Autant de situations qui donnent l'impression à ces populations qu'elles sont des citoyens de seconde zone, alors que la République dans ses principes fondateurs, parle d'égalité. La tâche sera rude pour un Emmanuel Macron jugé là aussi comme arrogant voire même très méprisant vis-à-vis des français de l'Outremer. Un président qu'ils ont élu massivement mais une fois élu, n'est jamais (re)venu à leur rencontre.
En France Hexagonale comme dans les Outremers, nul ne souhaite que le président ne garde les pleins pouvoirs. Les législatives approches seront donc déterminantes et on pourrait bien voir une cohabitation avoir lieu.
Deux autres enquêtes penchent elles aussi très nettement vers une cohabitation pour ce second quinquennat d'Emmanuel Macron. La première, menée par OpinionWay pour Cnews et Europe 1, indique que 63% des personnes sondées préfèrent que le chef de l'Etat "ne dispose pas d'une majorité et soit contraint à une cohabitation", contre 35% qui souhaitent qu'il "dispose d'une majorité à l'Assemblée nationale et puisse mener sa politique". Le détail des chiffres corrobore l'enquête Ifop : 95% des électeurs de Marine Le Pen, 84% de ceux d'Eric Zemmour, 77% des électeurs de Jean-Luc Mélenchon, 63% de ceux de Yannick Jadot et 55% de ceux de Valérie Pécresse préfèrent voir Macron échouer aux législatives de juin. OpinionWay a aussi sondé son échantillon sur le Premier ministre de cohabitation souhaité : 46% pencheraient pour Marine Le Pen et 44% pour Jean-Luc Mélenchon, alors que seuls 8% préfèreraient Valérie Pécresse.

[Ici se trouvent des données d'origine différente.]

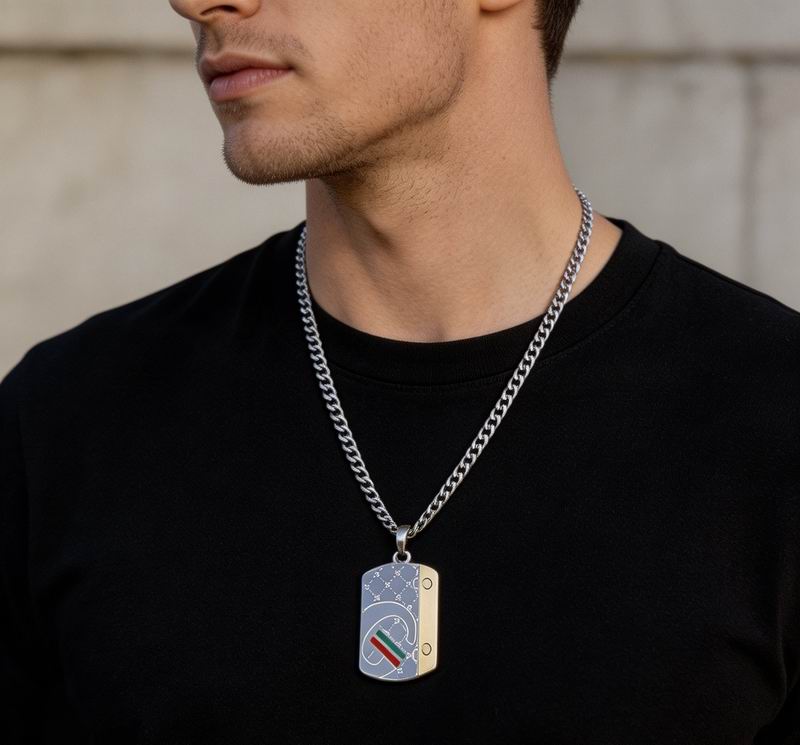 Gucci Necklace  03yxs127 (5)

Dernière enquête du genre publiée au soir du second tour : un sondage Ipsos Sopra-Steria pour France TV, Le Parisien et Radio France, est plus mesuré. Mais la majorité (56%) des sondés répondent eux aussi qu'ils souhaitent qu'Emmanuel Macron perde les législatives, contre 24% qui préfèrent une victoire pour "éviter une cohabitation" et 20% qui la souhaitent "pour appliquer son programme". Les tendances restent les mêmes, à quelques écarts près, avec 87% d'électeurs de Marine Le Pen favorables à une défaite, 84% de ceux de Jean-Luc Mélenchon, 80% de ceux d'Eric Zemmour, 49% de ceux de Yannick Jadot et 40% de ceux de Valérie Pécresse. A noter : 57% des personnes interrogées se disent favorable, à l'occasion des législatives, à une alliance des partis de gauche (LFI, EELV, PCF et PS), dont 93% d'électeurs de Jean-Luc Mélenchon et 85% de ceux de Yannick Jadot.